## Instructions for the task
Word for word, copy the listing below and leave out its images.

Data below START

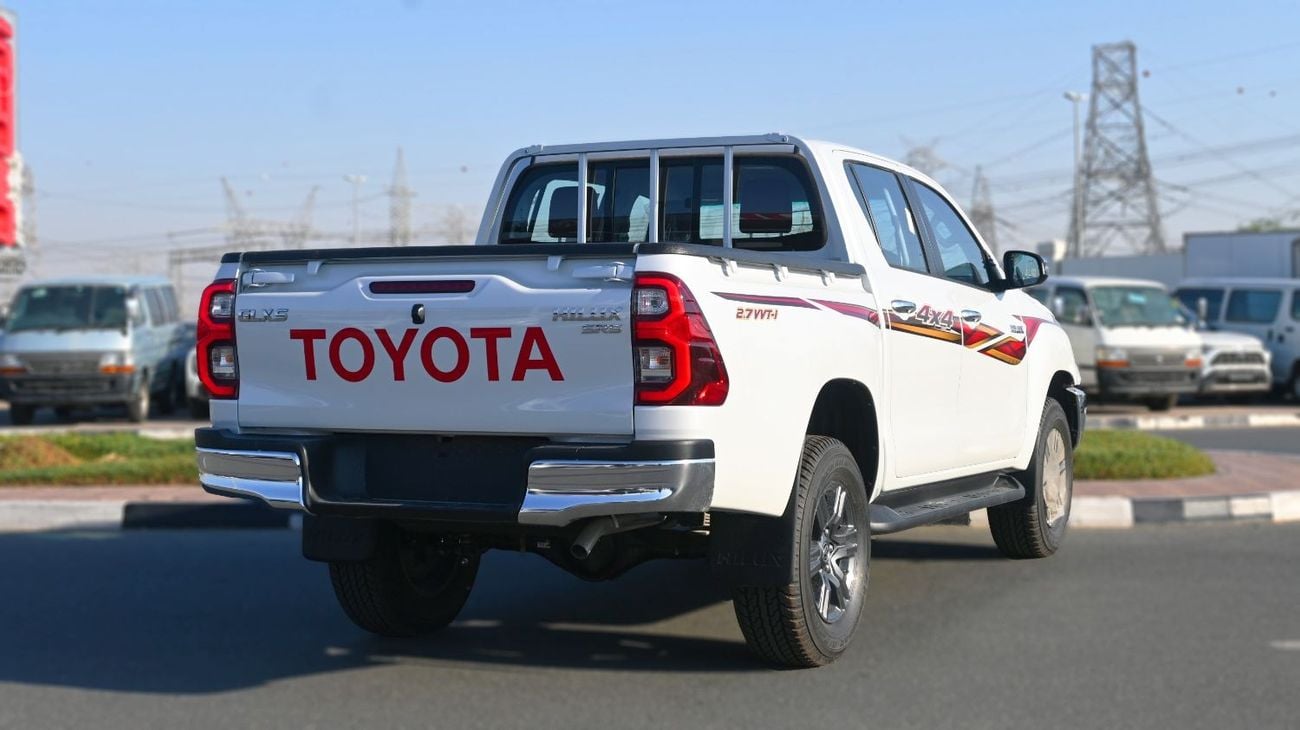 تويوتا هيلوكس Toyota Hilux 2025 2.7L Petrol pick-up 4WD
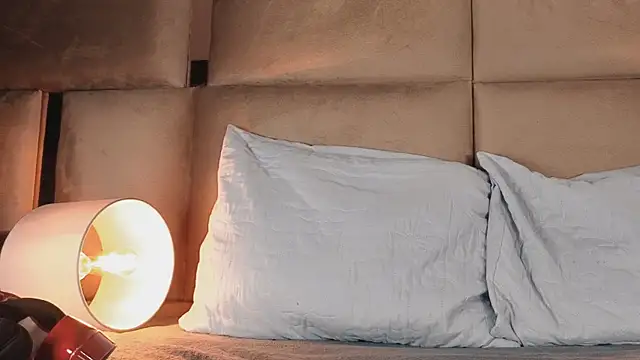 angelinepossy online show from 09.27.25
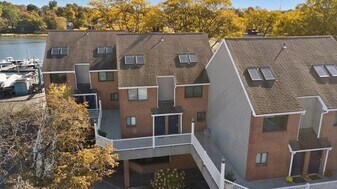 7 River Rd in Greenwich, CT - Building Photo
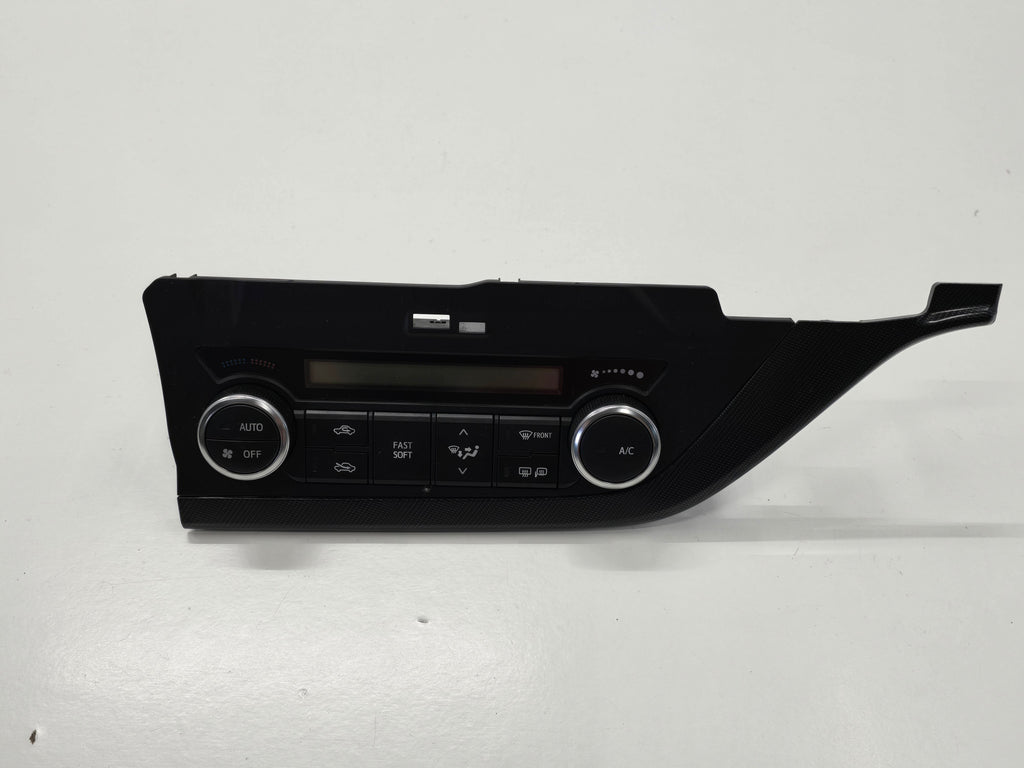 TOYOTA AURIS II E18 13R AIR CONDITIONING PANEL 55900-02390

Data below END

## Written answer
 تويوتا هيلوكس Toyota Hilux 2025 2.7L Petrol pick-up 4WD
 angelinepossy online show from 09.27.25
 7 River Rd in Greenwich, CT - Building Photo
 TOYOTA AURIS II E18 13R AIR CONDITIONING PANEL 55900-02390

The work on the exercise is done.